Someone recognized me, and I heard my name being repeated in the crowd. There wasn't any room for them to clear a space. Lillits were pressing in from the back of the line, but there wasn't anywhere for those at the front to go. Most of them weren't paying any attention to me, too busy struggling to keep from getting knocked down or off. I stood a foot above the river of lillits, and so did the Dargothians. There had been soldiers placed among the captives to keep order, but they weren't doing a wonderful job of it, and none that I saw were trying to reach those in immediate danger.

Two hundred yards down the road, people were dying. The zombies were crawling over each other to get at new victims, or crowding around those that were already down. The trolls were happy to smash a few zombies to get to their prey, and the one consolation was that they were stopping to feed rather than murdering for the fun of it.

I pressed forward; the lillits bumping and jostling all around me. The soldiers didn't know who I was. I could have been one of them, and they were more concerned with saving their own skins than getting in my way. All the voices blended together, and I didn't see Boffin or Brenys or anyone I knew, but they could have easily gone by me in the crowd. I was fighting the current, and I got my sword up and over my head to avoid inadvertently slicing anyone with from my hip. My perception narrowed to the goal ahead of me, a troll bent over of someone who had been alive only minutes before, of someone who had died because I didn't think things through.

Getting to the back of the crowd felt like stepping up out of a river. There was finally room to move. The monsters had appeared absorbed with their feasting, but as soon as I was within striking range, they all seemed to notice me at the same time. A dozen zombies reached for me at once, and I started swinging.

Kevin's sword was so sharp, it made mine seem like a cudgel. In the first few seconds, hands and heads were severed. I wasn't Gastard, but I didn't need to be. The zombies were stupid, slow, and I felt like I had taken a super serum. There were monsters all around me, but the blade sliced through them with barely any resistance.

A troll swept one of the shamblers aside and raised one massive, gnarled fist to crush my skull. I drove the sword up under its rib cage, and a dim light swept along my arms. The diamond was burning rose red, reaching its limit. Light diffused, vanishing like a mist. The hulking beast's arm dropped, and it gave a surprised hoot before slumping down on to its side.

They kept coming, and my arms grew heavy. A lamprey like mouth latched onto my hand, and I ripped it off. Back to seven hearts. Blood and gore made the stones slick beneath my boots, nearly causing me to slip, and I dropped back as more zombies crawled over their fallen to reach me. Another troll was beating its chest a dozen paces away, preparing to barrel through the intervening monsters. My helmet was with Beleth. One hit would be all it took to end my one man stand against the tide.

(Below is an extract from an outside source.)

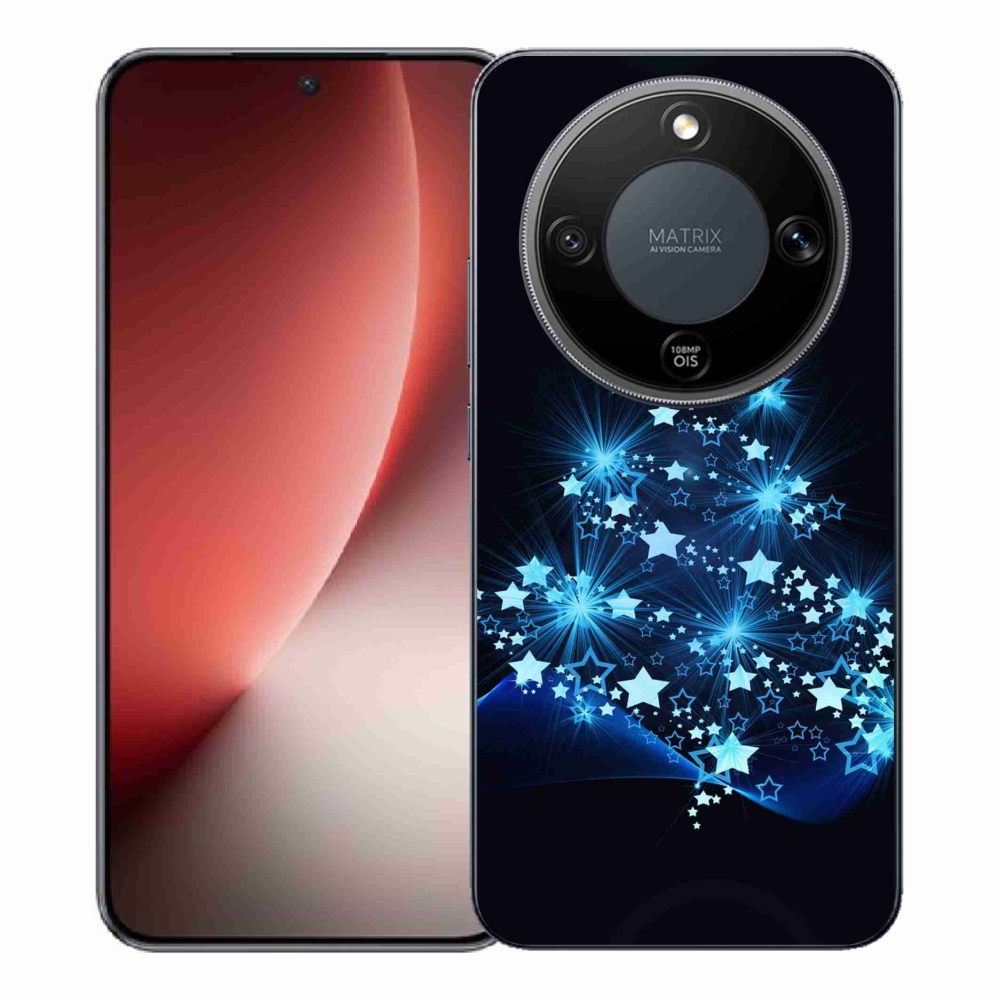 Gelový kryt mmCase na Honor Magic 8 Lite 5G - vánoční stromek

Beyond the troll, something else moved; the three-headed monster I had spotted from the tower. A lion, a goat, and a snake. It was a chimera. The press of mobs concealed its body, but its heads raised well above them. It might have been even bigger than the trolls. There was no time to plan, or to so much as take a deep breath. More hands were reaching for me, more tentacles, more mouths. It was all I could do not to succumb to the tide in any given moment.

Then there was a light. It differed from the glow of the gem, pure white, and it strained my eyes. Wings flapped overhead, and the nearest zombies recoiled. A torch dropped right in front of me, bouncing on the bloodstained stones. My torch, enchanted with Shadowbane. The harpy flew away.